Why geospatial data is useful for fire safety planning
When it comes to fire safety, aerial mapping and geospatial data play a vital role in creating logical, compliant and up-to-date fire evacuation plans for developments of all sizes. These tools can be used across emergency management phases such as mitigation, preparedness, response and recovery, and to identify bushfire hazard zones. The information gleaned from geospatial data can be used to assist in risk evaluation and reduction initiatives before disaster strikes, as well as verifying hazard and loss models in the wake of devastation.
During bushfires, emergency services as well as state and federal governments need access to up-to-date spatial information to minimise damage. Details like current vegetation, slope, aspect, infrastructure, infrastructure location, evacuation routes, hazardous areas and locations of water sources can be invaluable to those fighting the fire — and most of this information can be extracted from aerial mapping and geospatial data. Detailed and current orthographic views can assist with tasks like defining points in terms of coordinates, measuring and digitising vectors, accurately measuring distances and areas, plus more benefits that we will cover here.
Measurement tools available with geospatial data
Digital location analysis services like Nearmap are loaded with useful measurement tools that make development site inspections easier and more cost-effective. Things like high-resolution orthographic views, 3D mapping technology and oblique aerial imagery give you the power to calculate exact distances between points, which is particularly useful for fire safety inspections. You can see nearby water sources at a glance and ascertain more precise measurements for reports.

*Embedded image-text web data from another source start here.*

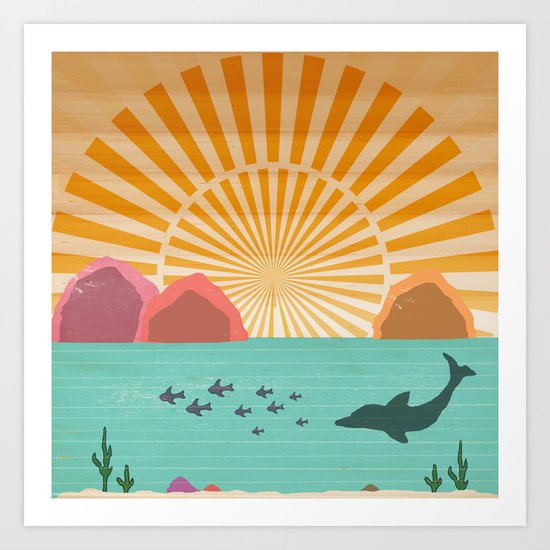 Ocean View Art Print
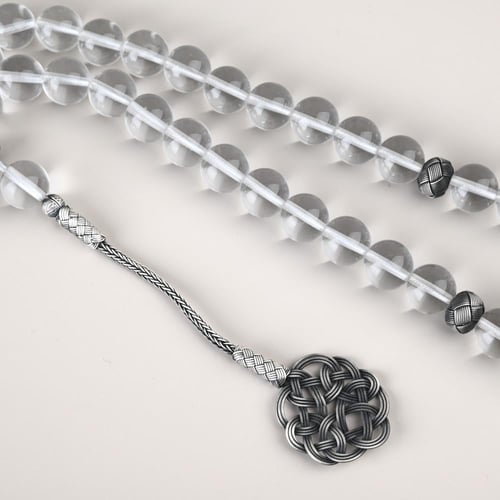 سبحة كريستال شفاف طبيعي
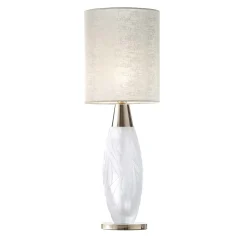 Lampada da tavolo a foglia bianca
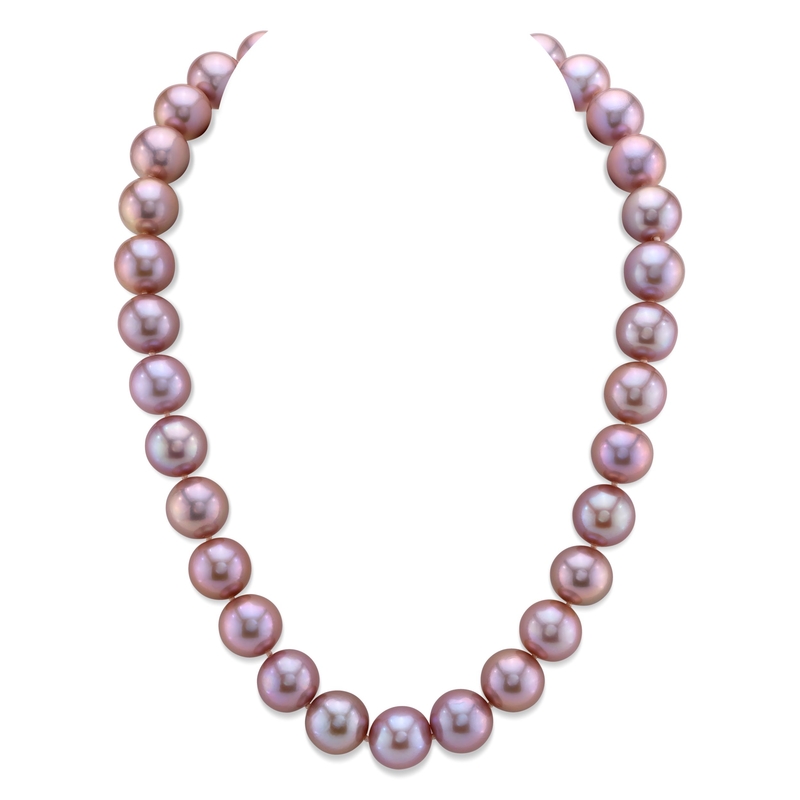 Halskette aus rosa Süßwasserperlen, 12–14 mm – AAA-Qualität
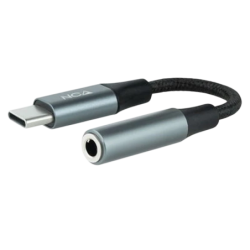 Nanocable Audio USB-C vers Jack 3,5 Noir/Gris 11cm Câble adaptateur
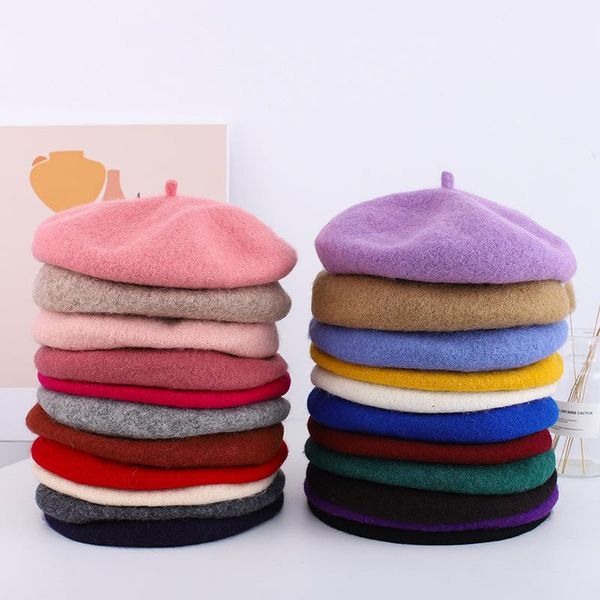 berets women's hat autumn and winter wild british retro painter cashmere warm beret boinas para mujer, Blue;gray
berets women's hat autumn and winter wild british retro painter cashmere warm beret boinas para mujer, Blue;gray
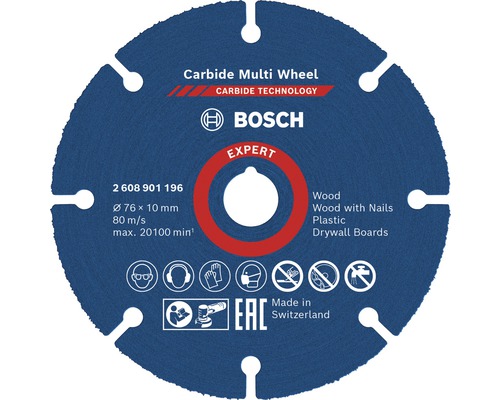 Bosch doorslijpschijf Carbide Multiwheel Expert Ø 76x10 mm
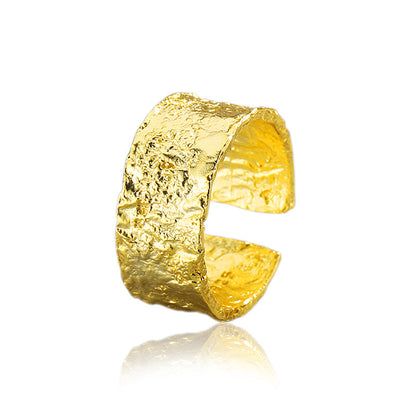 Sier Irregular Concave Gold And Tin Rings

One of the biggest benefits of using geospatial data as a risk assessment tool in fire safety planning is being able to conduct investigations and evaluations completely off-site. Travel times and costs are drastically reduced, meaning you can better utilise your team to complete other tasks pertinent to your development. This is particularly beneficial for large, long-term developments that take years to complete, as you are able to keep an eye on any topographical changes without site visits. Finding distances remotely is also a safer option — minimising the number of times staff need to get kitted out in steel-capped boots and helmets to conduct the work.